Peter Jolley and Secretary Pat Mitchell share a discussion
The Yorkshire Terrier Club holds a breed seminar approximately once every two years, and this year the seminar (held on August 8) dealt with the breed standard in the morning and in the afternoon was the talk on preparation, grooming and presentation of a Yorkshire Terrier for the show-ring.
At the top table was Mr Tony Roberts (Chairman YTC) Mrs Doreen Johnson (Chair of ECYTC) Mr Osman Sameja (Vice President YTC) Mrs Betty Whitbread (Vice Chair YTC) and Mrs Pat Mitchell the Club’s hard working Secretary.
The breed standard was covered by Mr Osman Sameja (Ozmilion), Mrs Doreen Johnson (Lyndoney) and Mrs Betty Whitbread (Brybett) each of whom have had in excess of 30 years experience in the breed, and in excess of a century between them.
The day was aimed at helping everyone with an interest in the breed and it suited the couple who had bought and shown their very first Yorkie at Windsor this year right through to the more seasoned exhibitor and judges.
It was good to see people from other groups, such as Mrs Sheila Sadler (Roseday Cocker Spaniels) Mr Ken Bartlett (Dwilencia W.H.W.T.) as well as Toy Specialists Mrs Annette Oliver, Mr Peter Jolley, Mr Des Jenkins and Mrs Anne Whitehead.
The atmosphere was very warm and very friendly. The normally quiet and shy Mr Osman Sameja was the first speaker and after only a few minutes he was in full flow speaking with all the love, compassion, authority and knowledge one can only gain after a life-time of dedication to a breed. He took each part of the breed standard individually, firstly reading the standard and then explaining it in fuller detail. He did an excellent job of detailing how it applied to his own dogs.
Mr Sameja had arranged for many pictures to be there of the dogs from the past, from Huddersfield Ben (born 1865) through the Edwardian age, then Lady Edith Windham Dawson and her Soham champions, Mrs Crookshank and her beautiful Ch Mr Pim of Johnstounburn and many others too. Mrs Johnson brought pictures of her champions from the first one through to the current winning dog.

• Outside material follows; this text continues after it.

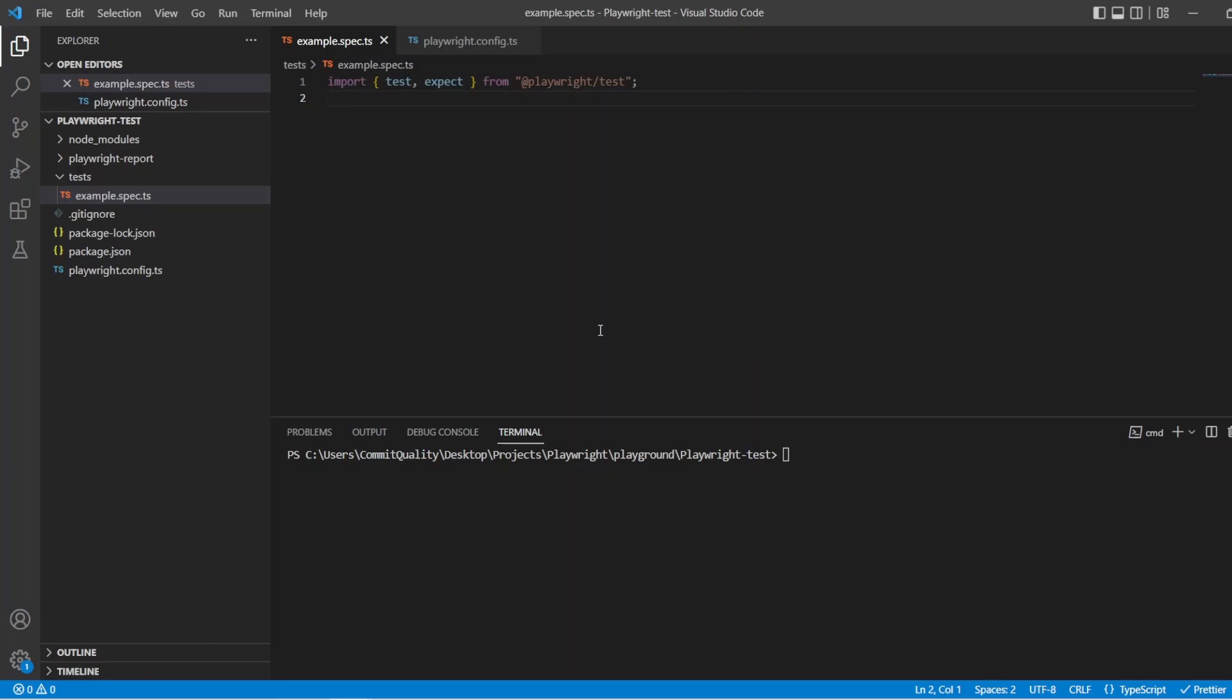Hello, this is Jared from Commit Quality, and in today's video, we're going to go over test hooks.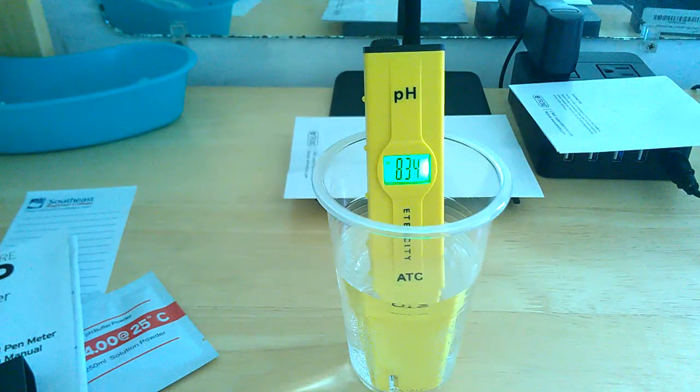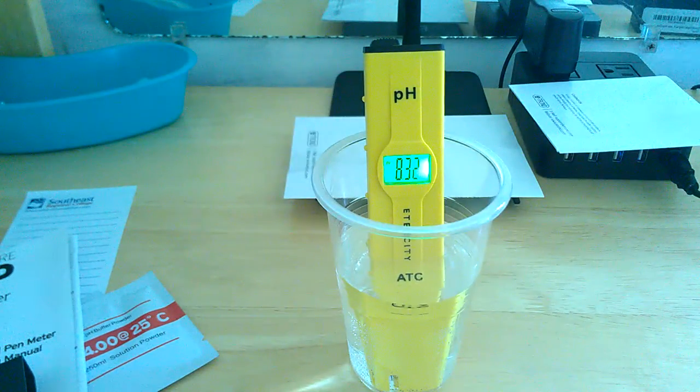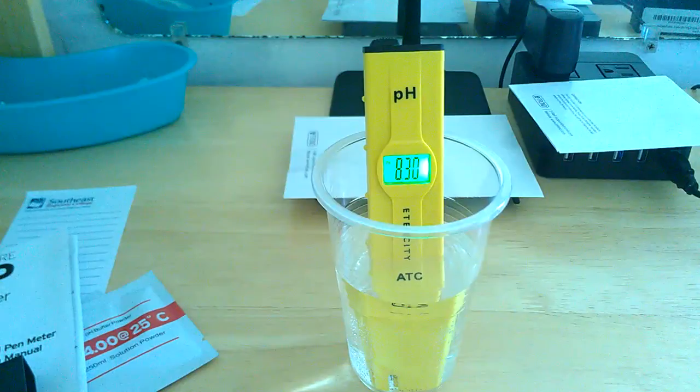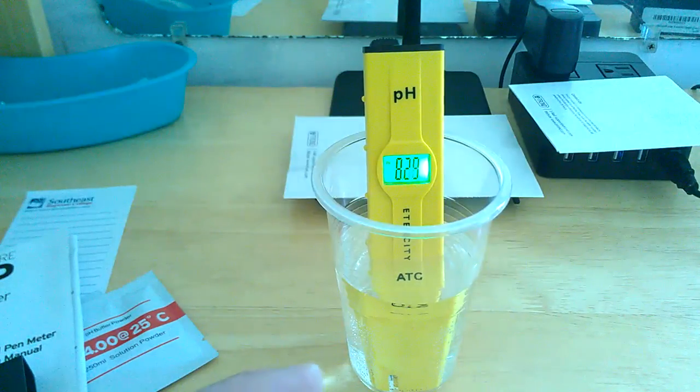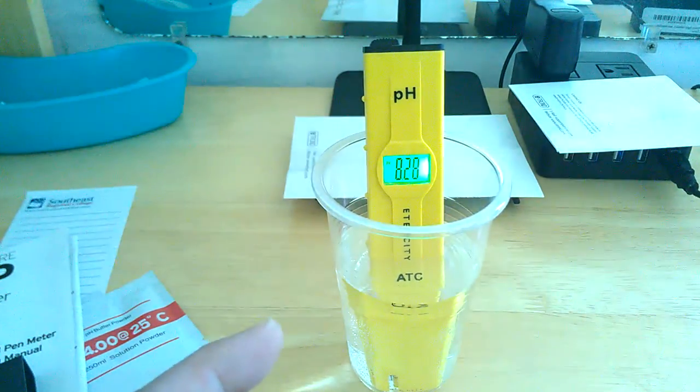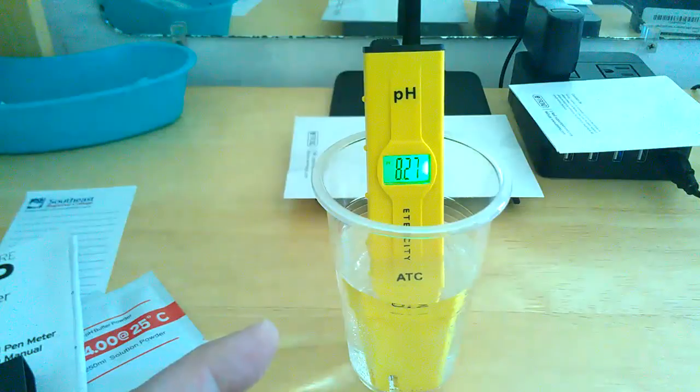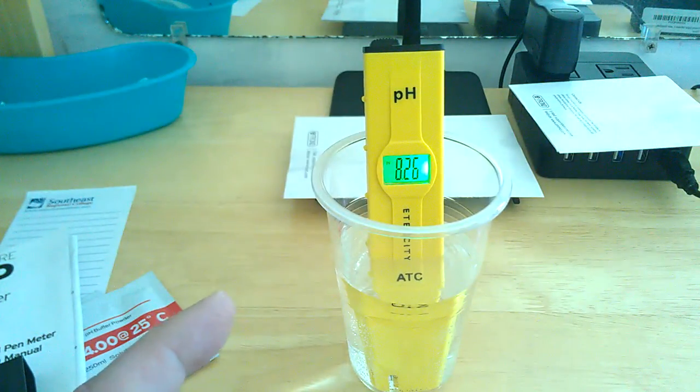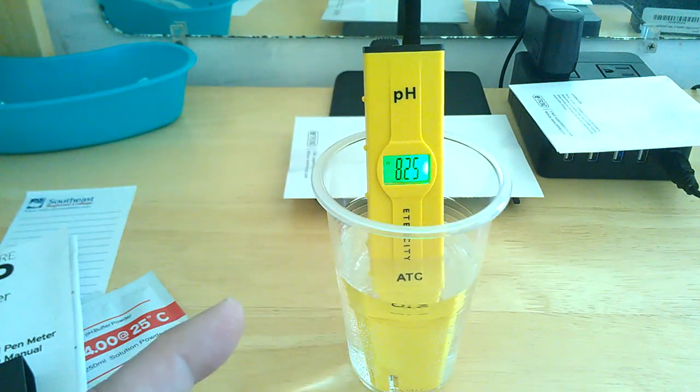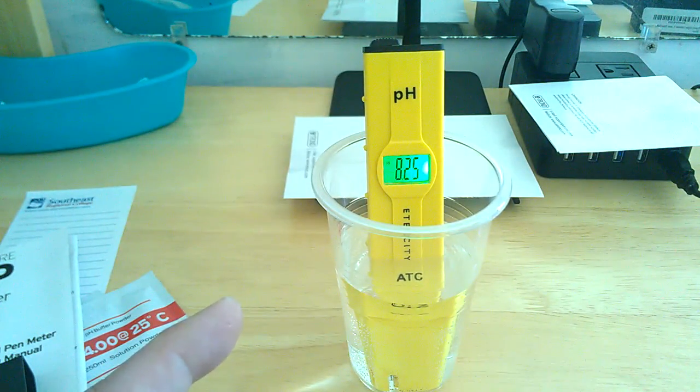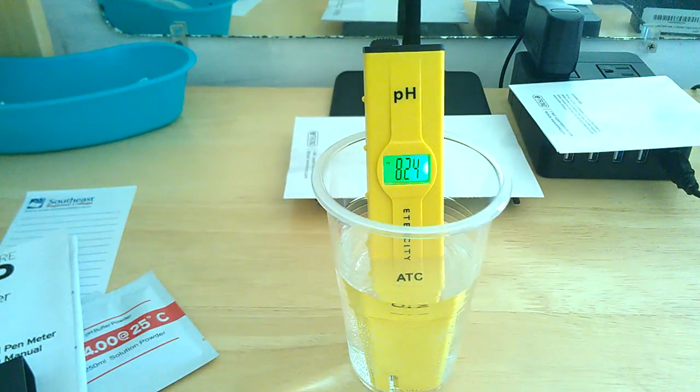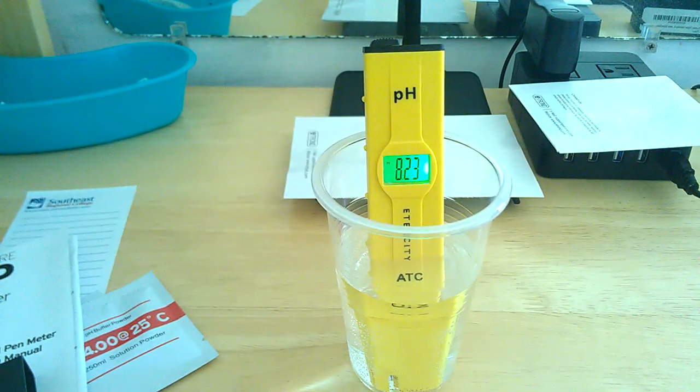And right now it's showing 8.33. That's the alkalinity level, your pH level of your water. This is just tap water. It's starting to come down a little bit. You do wait a little while and let it stabilize. And once it stabilizes that's your reading. It's that simple.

In addition there were many pictures of Mr Sameja’s famous champions showing how the breed has changed and developed since he won his first CC in 1972, there have now been 42 Ozmilion champions. He also demonstrated through the pictures of the world famous Ch Ozmilion Mystification how many changes the individual dog goes through before reaching its maturity and full glory.
The pictures showed the finer points of the breed including the glorious shading of the tans on the fabulously long falls that the breed can be endowed with if the right amount of time and dedication is invested.
Mrs Johnson wanted potential judges to be sure that they only put up stock which was sound. It is of no use having a pretty animal if it can’t walk properly and unfortunately this had been happening of late – judges not knowing the structure appeared to have judged on presentation which only does the breed harm. She also felt that the ears are getting bigger and they are flapping when the dog is on the move.
Mrs Whitbread felt the same way and emphasised the necessity of sound dogs, if a dog isn’t sound then how can it conform to the breed standard? She also warned of the light eyes which seem to be creeping into the breed.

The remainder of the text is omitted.